* **THE TASK**
Having found the line containing "3252 NW 103rd" in the records below, copy that line and each later one exactly, dropping pictures.

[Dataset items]

Start of Block

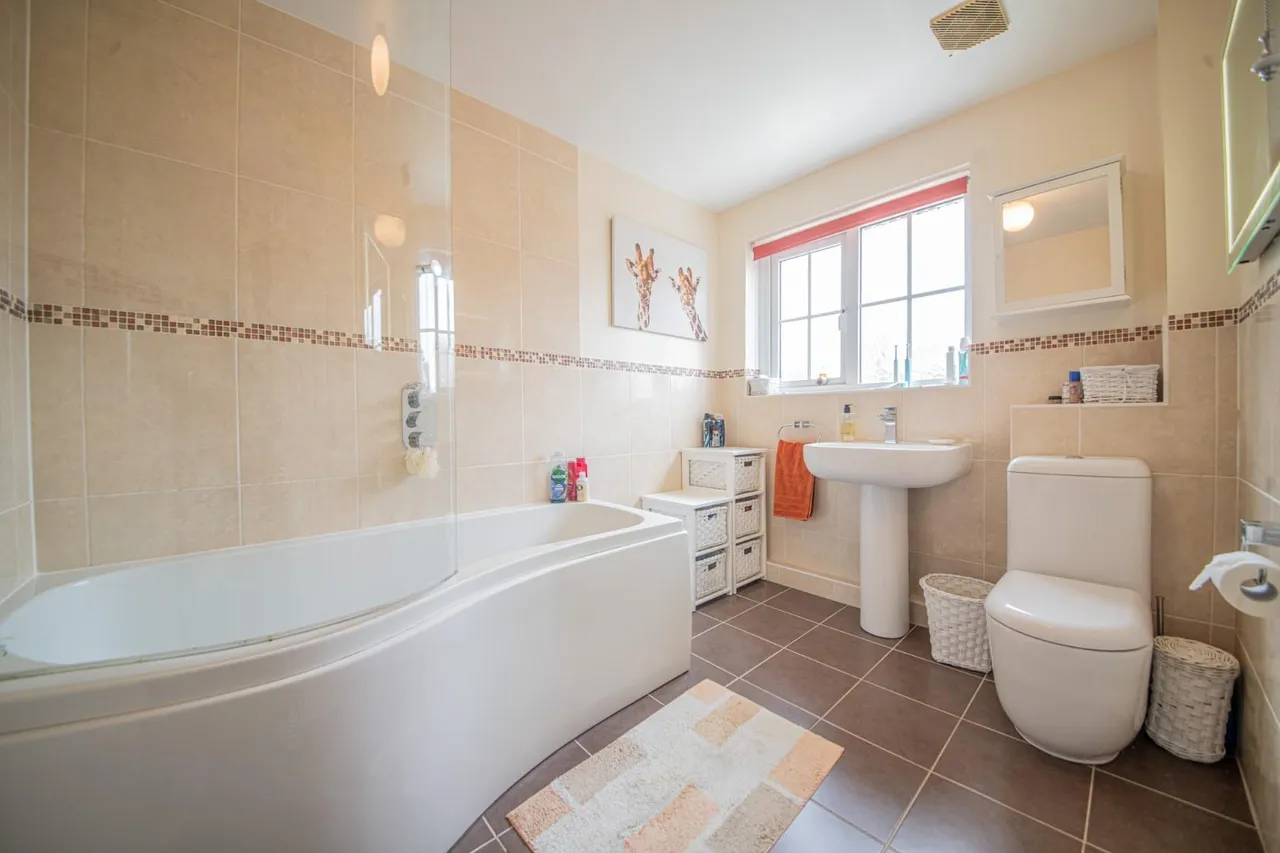 Damson Crescent, Fair Oak, Eastleigh, SO50 8RF, photo 11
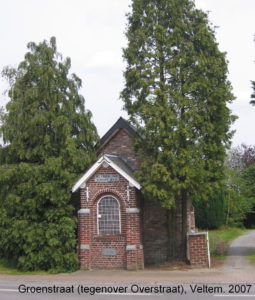In de Groenstraat ter hoogte van de Overstraat werd als dank voor een genezing een kapel gebouwd ter ere van O.L.Vrouw van Bijstand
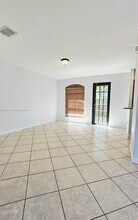 3252 NW 103rd Pl in Doral, FL - Building Photo - Building Photo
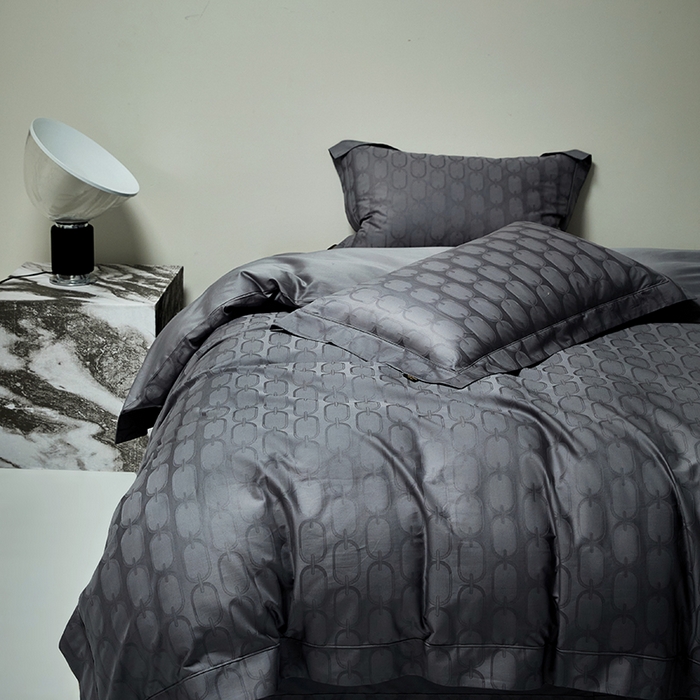 91家纺网 家纺一手货源 找家纺 群鹿蚕丝羽绒馆 2025新款100%全棉高支高密100S花边埋绳四件套-爱丽斯系列 爱丽丝-伊索029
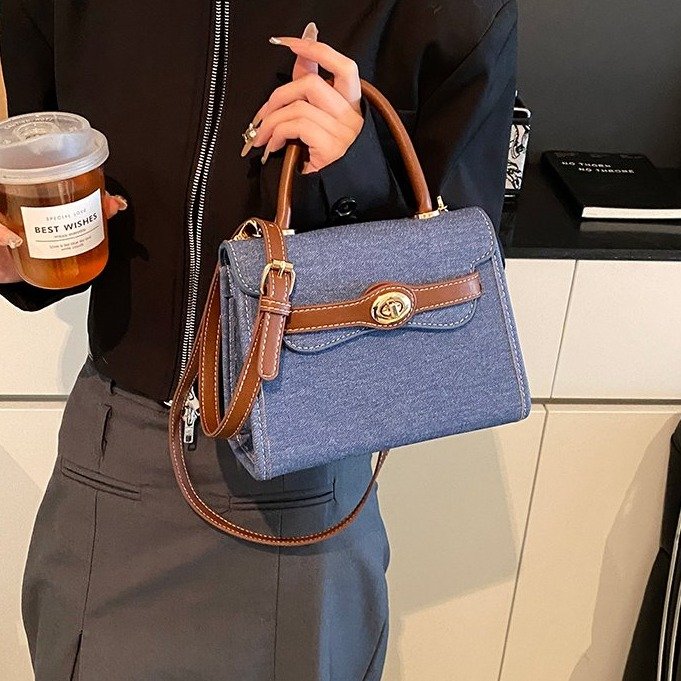 单肩包单肩磁扣斜挎包肩包网红气质简约夏季春夏秋冬洋气时尚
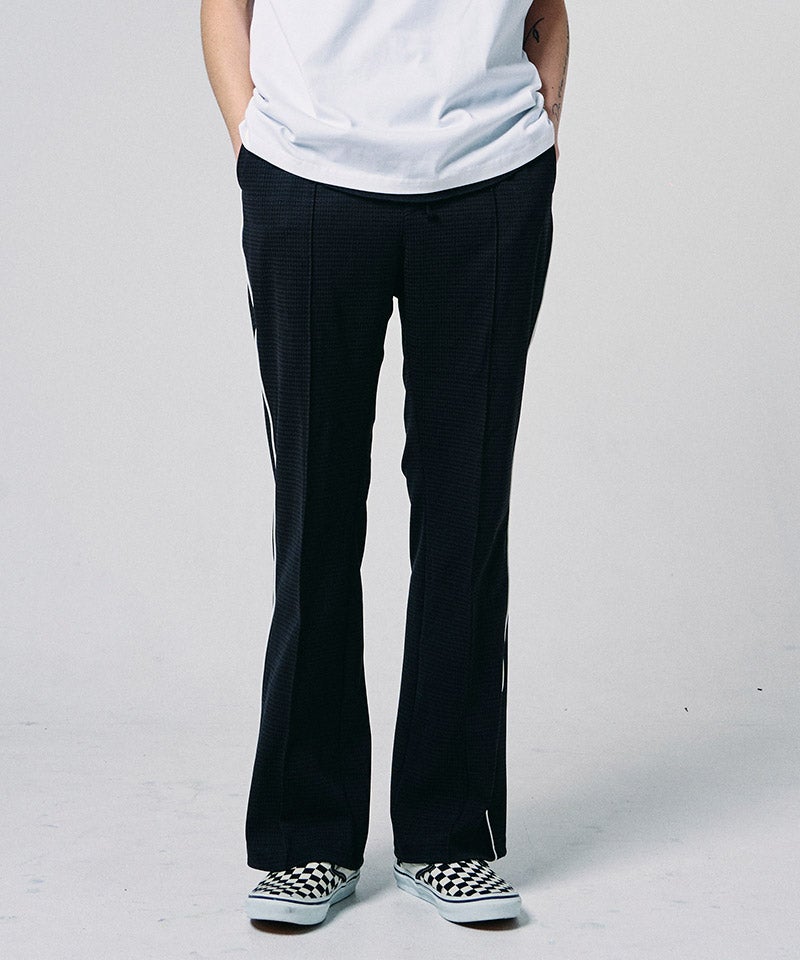 Black houndstooth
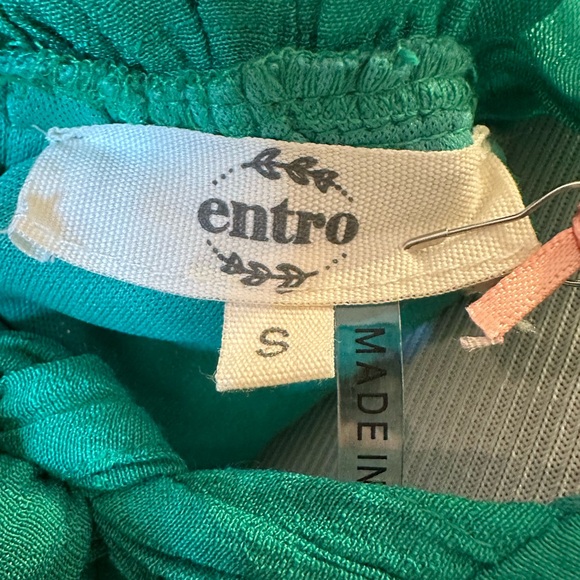 Entro Green Maxi Dress - Picture 4 of 4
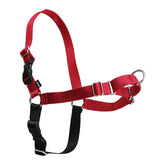 Arnés PetSafe Easy Walk en el pecho del perro, control suave en el frente.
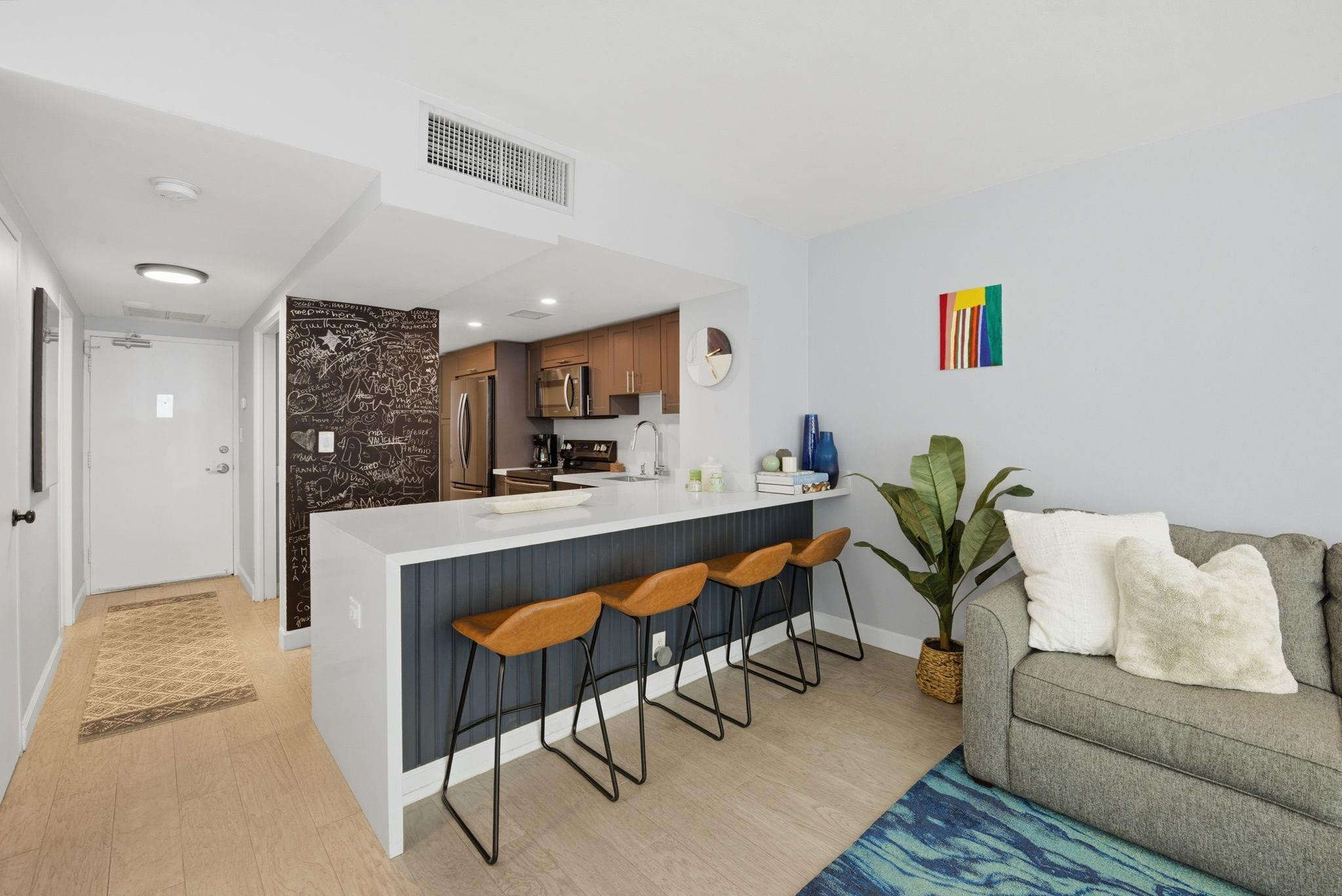 1200 West #324, Miami Beach FL 33139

End of Block

* **ANSWER SPACE**
 3252 NW 103rd Pl in Doral, FL - Building Photo - Building Photo
 91家纺网 家纺一手货源 找家纺 群鹿蚕丝羽绒馆 2025新款100%全棉高支高密100S花边埋绳四件套-爱丽斯系列 爱丽丝-伊索029
 单肩包单肩磁扣斜挎包肩包网红气质简约夏季春夏秋冬洋气时尚
 Black houndstooth
 Entro Green Maxi Dress - Picture 4 of 4
 Arnés PetSafe Easy Walk en el pecho del perro, control suave en el frente.
 1200 West #324, Miami Beach FL 33139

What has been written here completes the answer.